*** Begin section ***
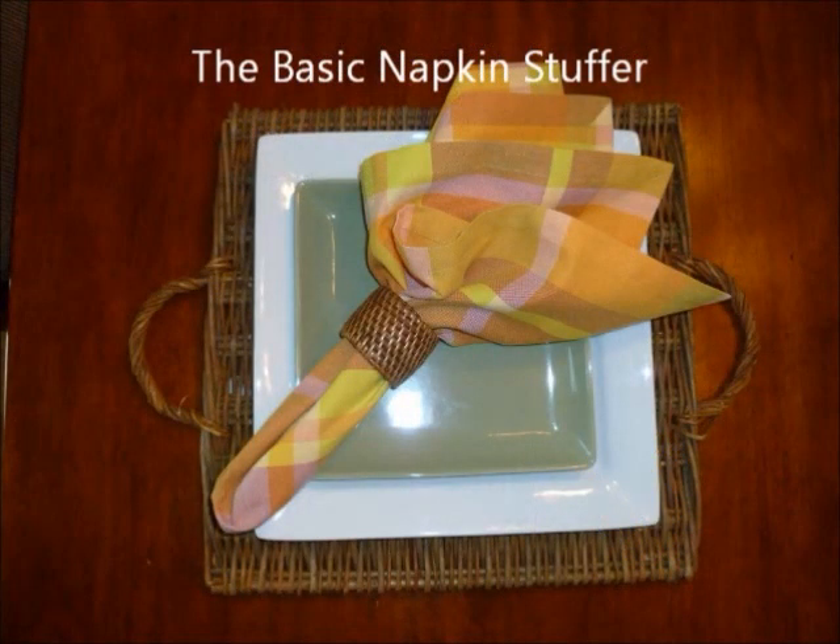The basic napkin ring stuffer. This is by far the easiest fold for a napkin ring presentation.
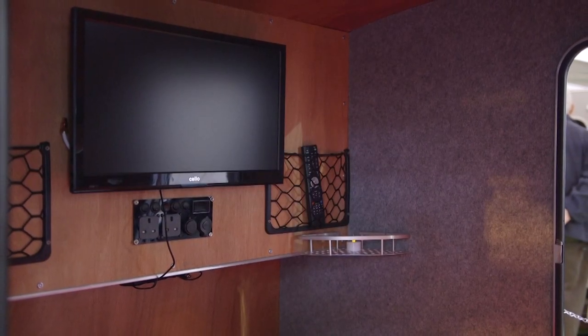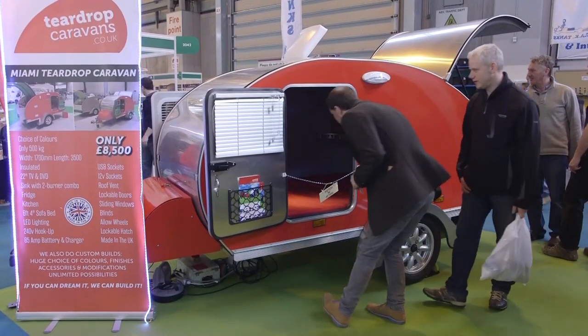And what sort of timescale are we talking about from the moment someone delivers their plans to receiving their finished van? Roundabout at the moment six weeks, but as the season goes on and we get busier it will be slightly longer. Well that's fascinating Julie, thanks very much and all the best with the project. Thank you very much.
*** End section ***
*** Begin section ***
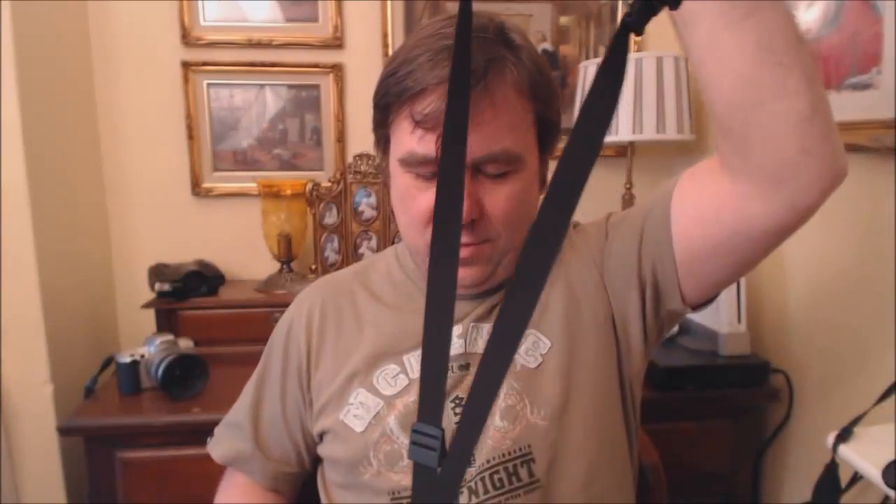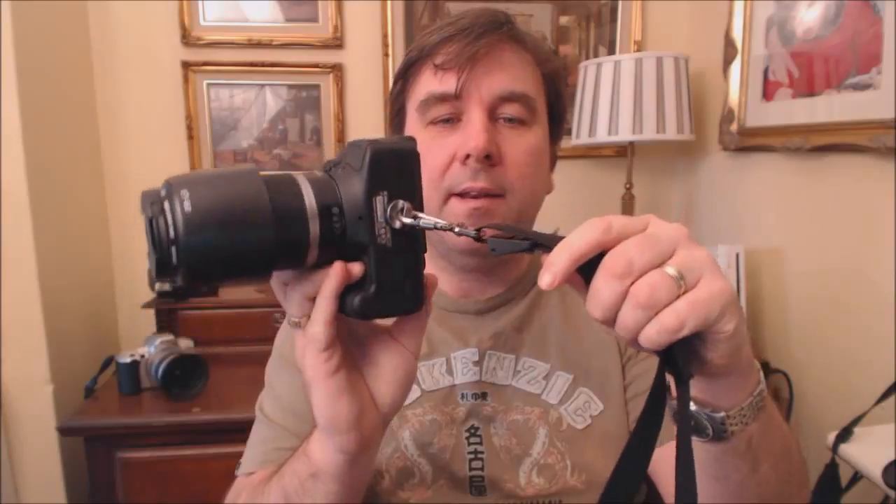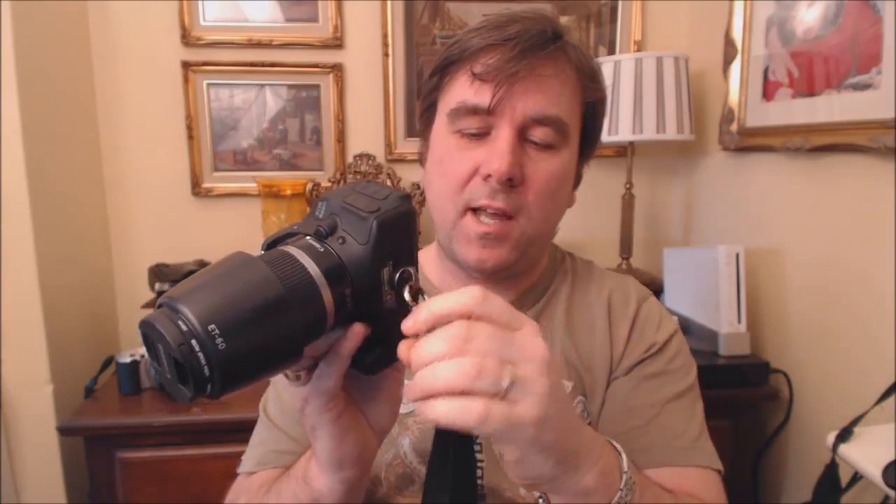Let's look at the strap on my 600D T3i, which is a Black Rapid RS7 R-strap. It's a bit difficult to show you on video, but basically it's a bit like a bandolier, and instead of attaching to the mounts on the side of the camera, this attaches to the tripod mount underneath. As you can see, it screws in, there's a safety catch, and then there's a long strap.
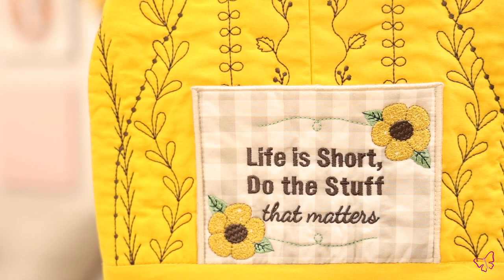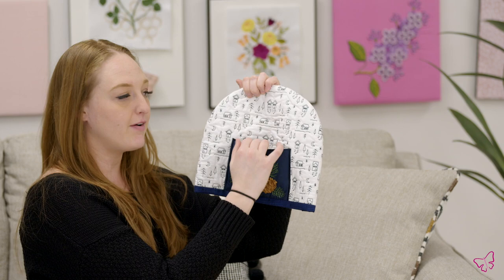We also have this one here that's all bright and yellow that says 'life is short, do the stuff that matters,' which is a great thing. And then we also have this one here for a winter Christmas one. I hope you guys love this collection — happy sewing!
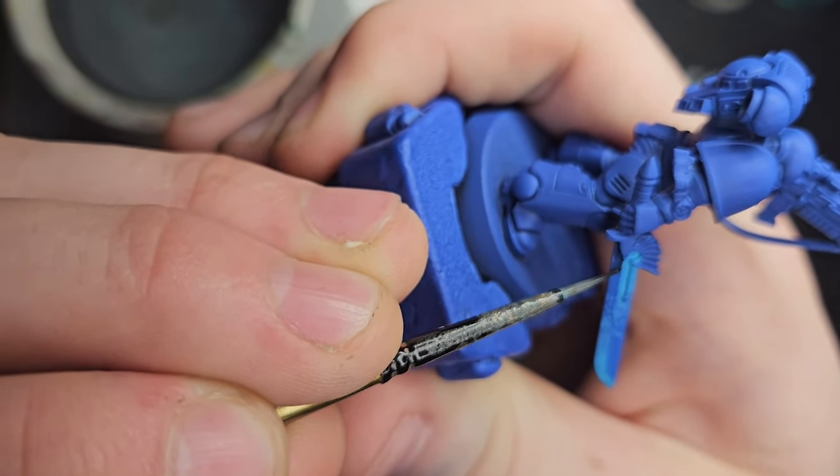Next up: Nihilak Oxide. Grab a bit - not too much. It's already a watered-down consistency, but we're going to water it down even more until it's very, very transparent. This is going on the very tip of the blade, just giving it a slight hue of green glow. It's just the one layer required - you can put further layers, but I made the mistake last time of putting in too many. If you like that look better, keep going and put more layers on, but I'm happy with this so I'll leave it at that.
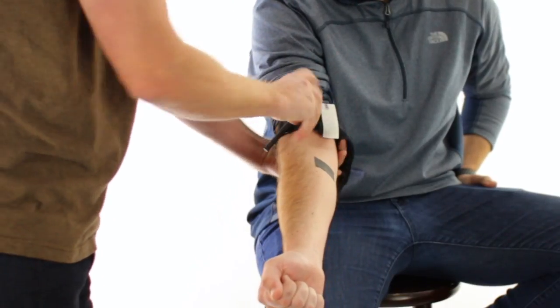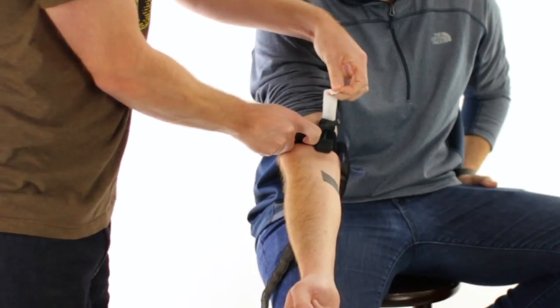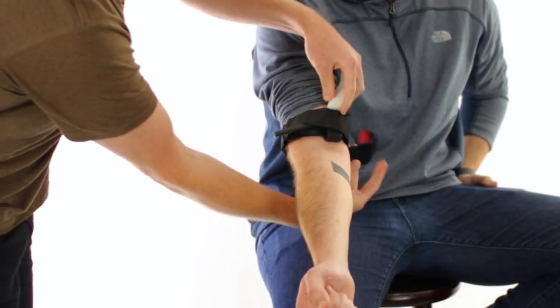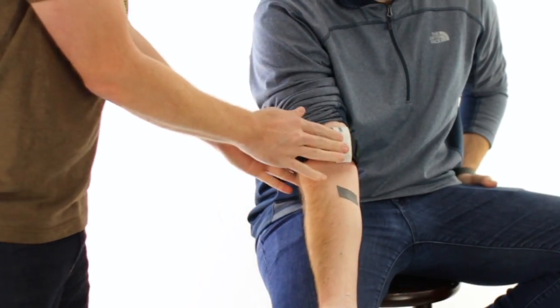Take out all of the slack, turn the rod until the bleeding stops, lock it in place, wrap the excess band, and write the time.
*** End section ***
Print an exact copy of the lines above, from the one containing "We also have this one here that's" through the one containing "Next up: Nihilak", and leave out the pictures.

**RESPONSE BOX**
We also have this one here that's all bright and yellow that says 'life is short, do the stuff that matters,' which is a great thing. And then we also have this one here for a winter Christmas one. I hope you guys love this collection — happy sewing!
Next up: Nihilak Oxide. Grab a bit - not too much. It's already a watered-down consistency, but we're going to water it down even more until it's very, very transparent. This is going on the very tip of the blade, just giving it a slight hue of green glow. It's just the one layer required - you can put further layers, but I made the mistake last time of putting in too many. If you like that look better, keep going and put more layers on, but I'm happy with this so I'll leave it at that.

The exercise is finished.